Deni (38), pria asal Serang, Banten, memperbolehkan saya untuk menjalal menjadi porter dengan memikul dan menarik barang menggunakan troli di sekitar Blok B Pasar Tanah Abang.
Sebelum saya mencoba menjadi porter, Deni terlebih dahulu bercerita tentang kesehariannya. Ia setiap hari berangkat dari Serang pukul 04.00 bersama delapan rekan porter lainnya menggunakan mobil jemputan yang biasa menjemput mereka untuk menuju Tanah Abang.
Deni harus membayar ongkos pulang pergi Serang-Tanah Abang sebesar Rp 40.000. Hal itu dilakoninya sejak pertama kali menjadi porter pada tahun 2012.
Ketika tiba di Tanah Abang, Deni tak lantas bisa langsung menjadi porter. Ia terlebih dahulu mencari seseorang yang dipanggilnya "Mandor". Dari mandor itu, Deni membeli kaus seragam bertuliskan porter seharga Rp 350.000.
"Harus punya baju dulu, kita beli ke mandor, itu juga enggak selamanya, setahun bisa 2 atau 3 kali ganti, jadi setiap ganti harus beli lagi," kata Deni sambil menghisap sebatang rokok di tangan kanannya.
Baca juga : Anies Dilaporkan ke Polisi soal Tanah Abang, Biro Hukum DKI Diperiksa
Setelah mendapatkan baju seragam bertuliskan porter, tak lantas juga membuat Deni bisa langsung bekerja sebagai seorang porter.
Deni harus terlebih dahulu menyewa troli untuk mengangkut barang bawaan yang harus diantarkan ke ekspedisi maupun diantarkan dari toko ke toko.
Untuk menyewa troli, Deni harus mengeluarkan uang sebesar Rp 5.000 untuk setiap kali angkut barang.
"Pokoknya sekali angkut sewanya 5.000 perak, selesai angkut dikembalikan lagi ke yang punya," ucap Deni.
Troli itu sangat dibutuhkan Deni. Sebab, jika tidak menggunakan troli, barang bawaan berupa kain tekstil seberat 1 kwital bahkan lebih harus dipikul menggunakan punggungnya.
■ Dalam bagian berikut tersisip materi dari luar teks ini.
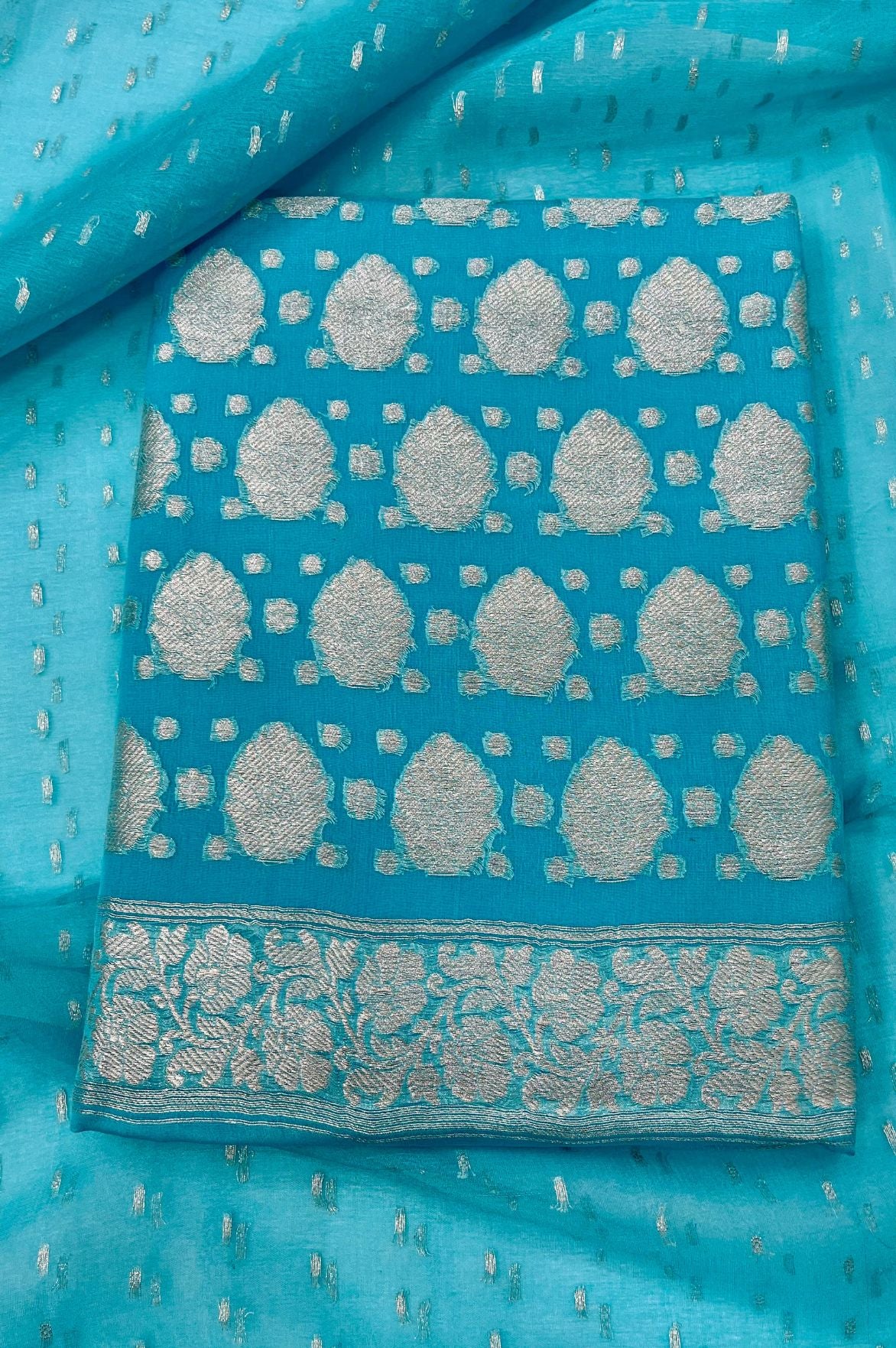 Khaddi Georgette Banarasi Dress Material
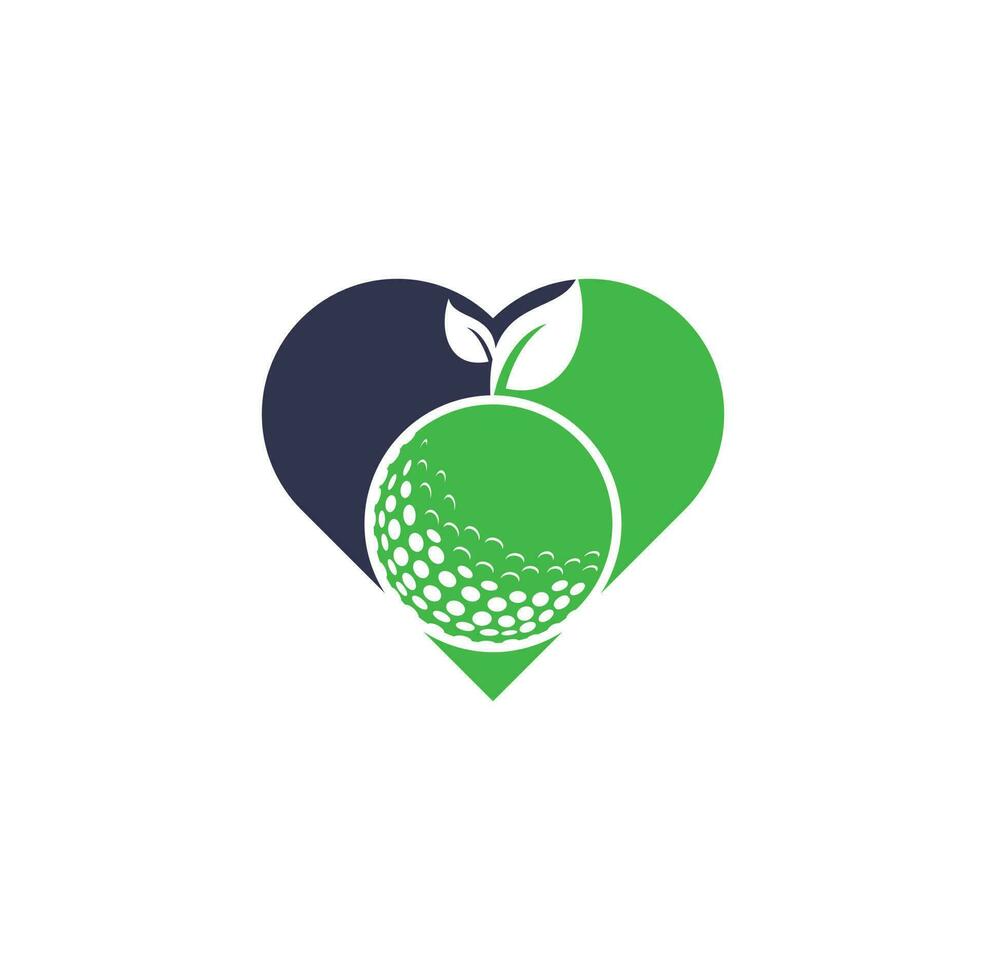 modèle de logo de concept de forme de coeur de feuilles de golf. balle de golf et feuilles, balle de golf et logo de sport vecteur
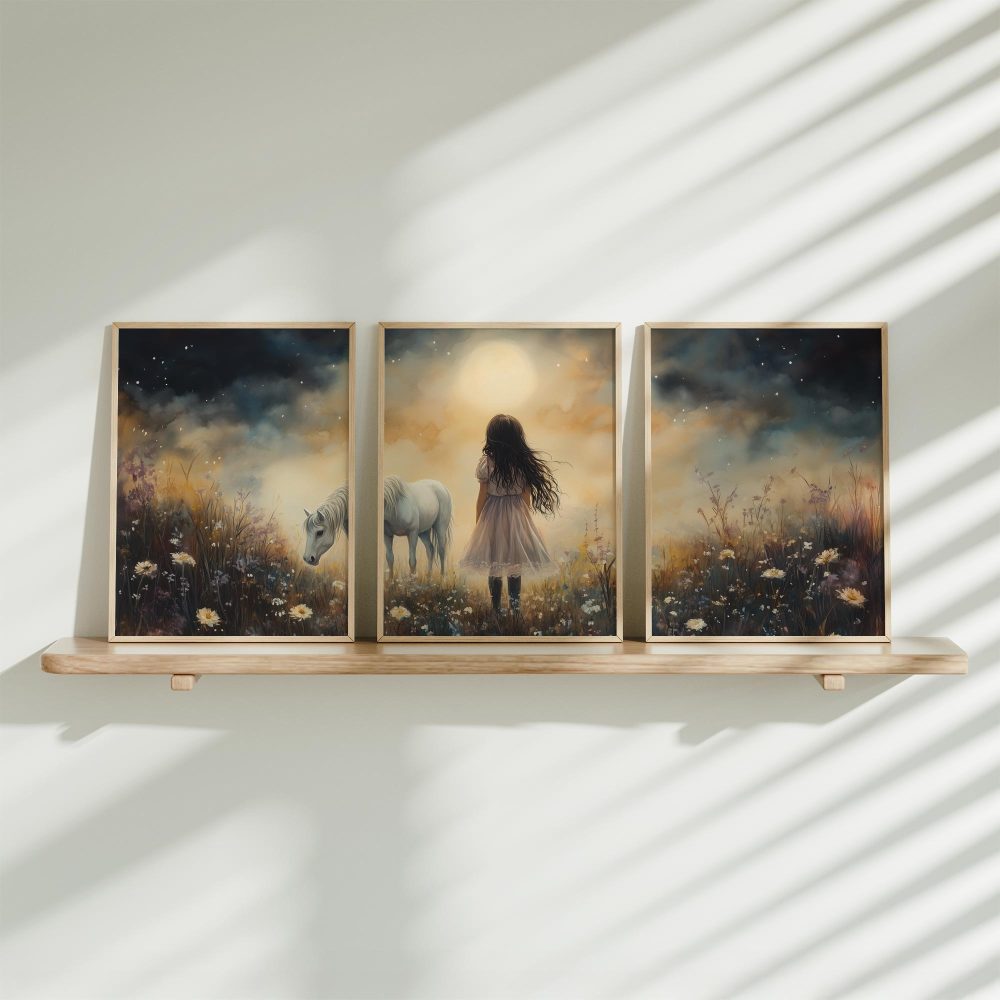 Jong Meisje en Witte Paard in Dromerig Bloemenveld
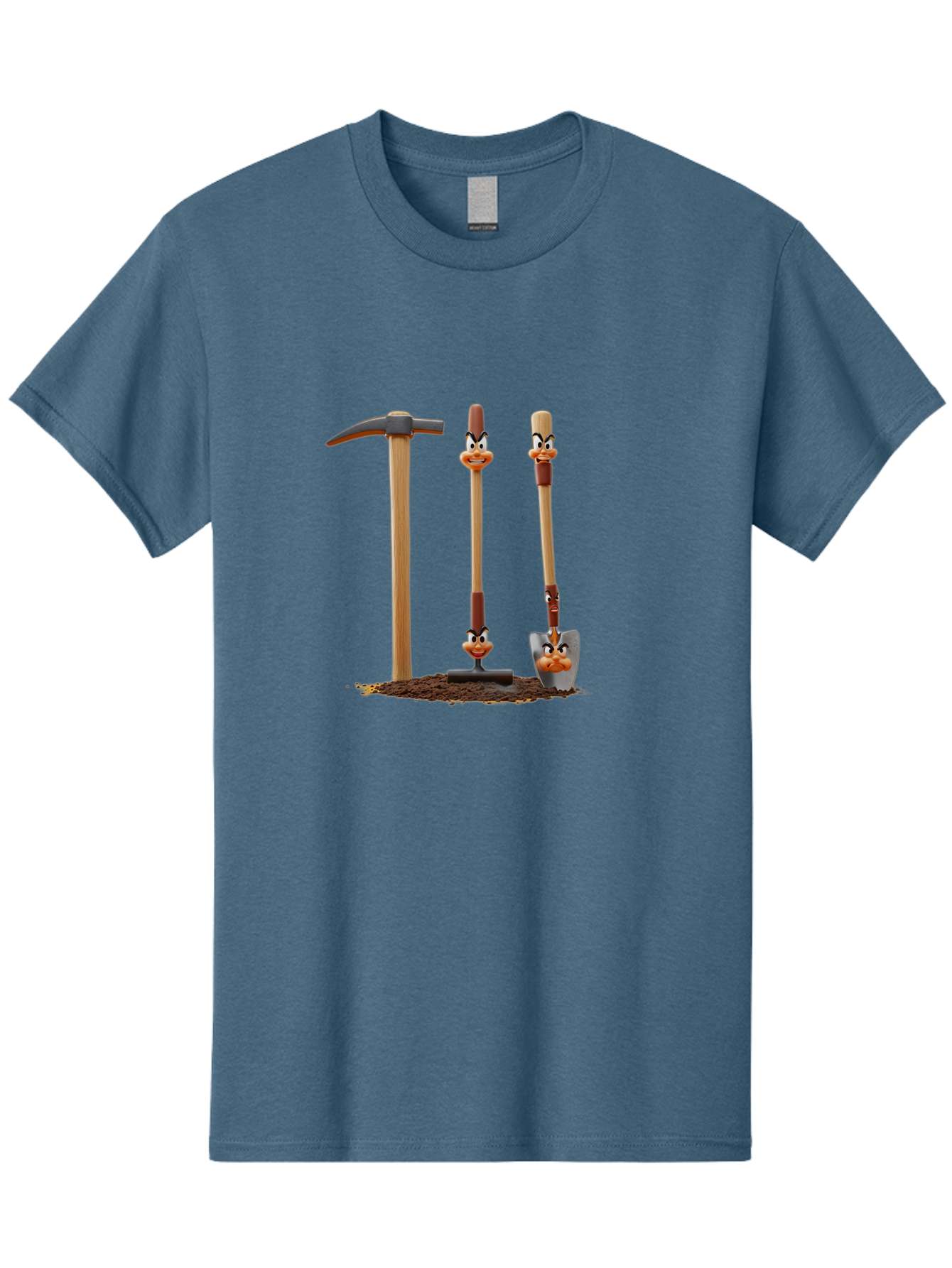 Tools-With-Duck-Faces Men'S Graphic Tee, 100% Cotton, Comfortable Casual Summer Wear, Machine Washable, Wooden Handled Tools, Hammer, Spade, Pickaxe, Cartoon Duck Faces, Gardening Equipment, Humorous Illustration, Quirky Design, Funny Tools, Bab540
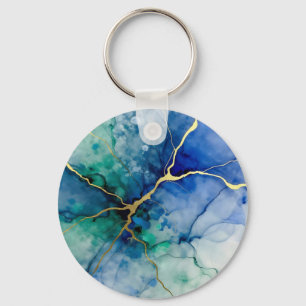 Ocean Geode Alcohol Ink Gold Veins Keychain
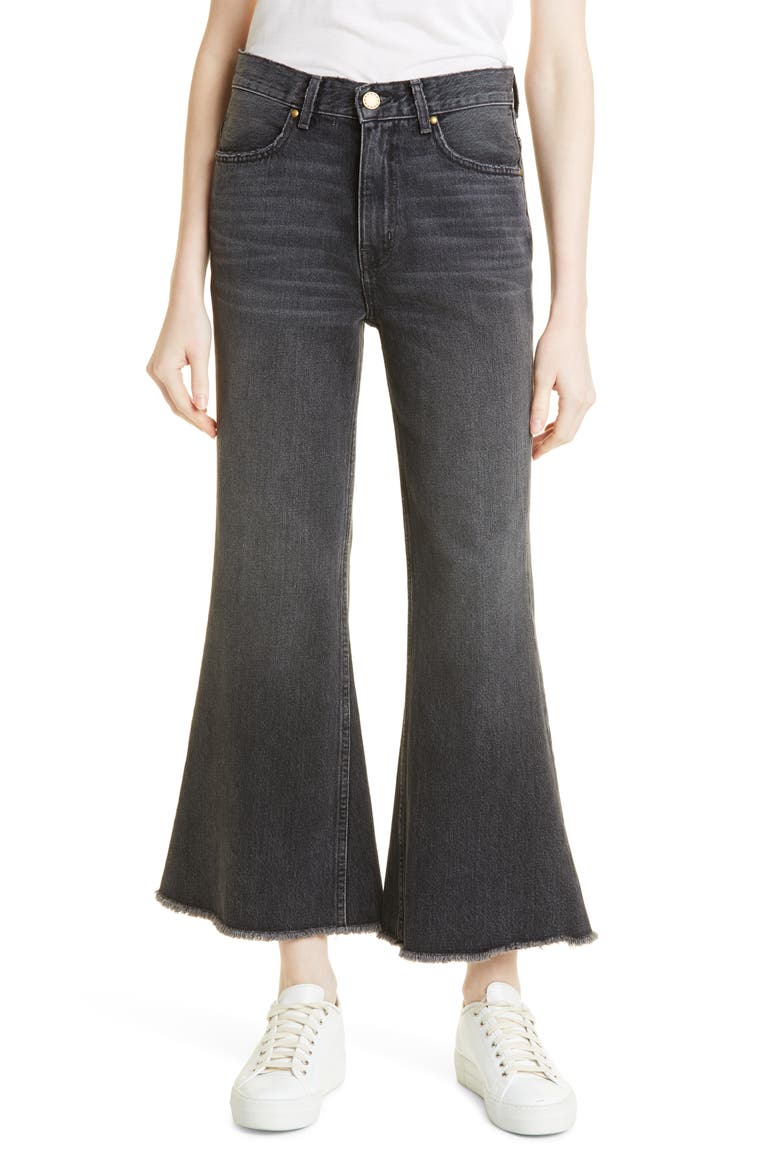The Great The Kick Bell Raw Hem Crop Nonstretch Jeans, Main, color, ONYX WASH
Saat asyik bercerita, Deni mendapatkan panggilan melalui ponselnya. Tak lama kemudian, Deni meminta saya untuk menunggu di trotoar Blok B, tempat warung kopi pertama kali saya dan Deni bertemu.
"Tunggu sebentar, si enci nyuruh antar barang, nanti saya ke sini lagi," kata Deni sambil terburu-buru masuk ke Blok B.
Setelah menunggu dari pukul 12.15, Deni terlihat membawa tumpukan karung berwarna putih menggunakan trolinya pada pukul 12.40.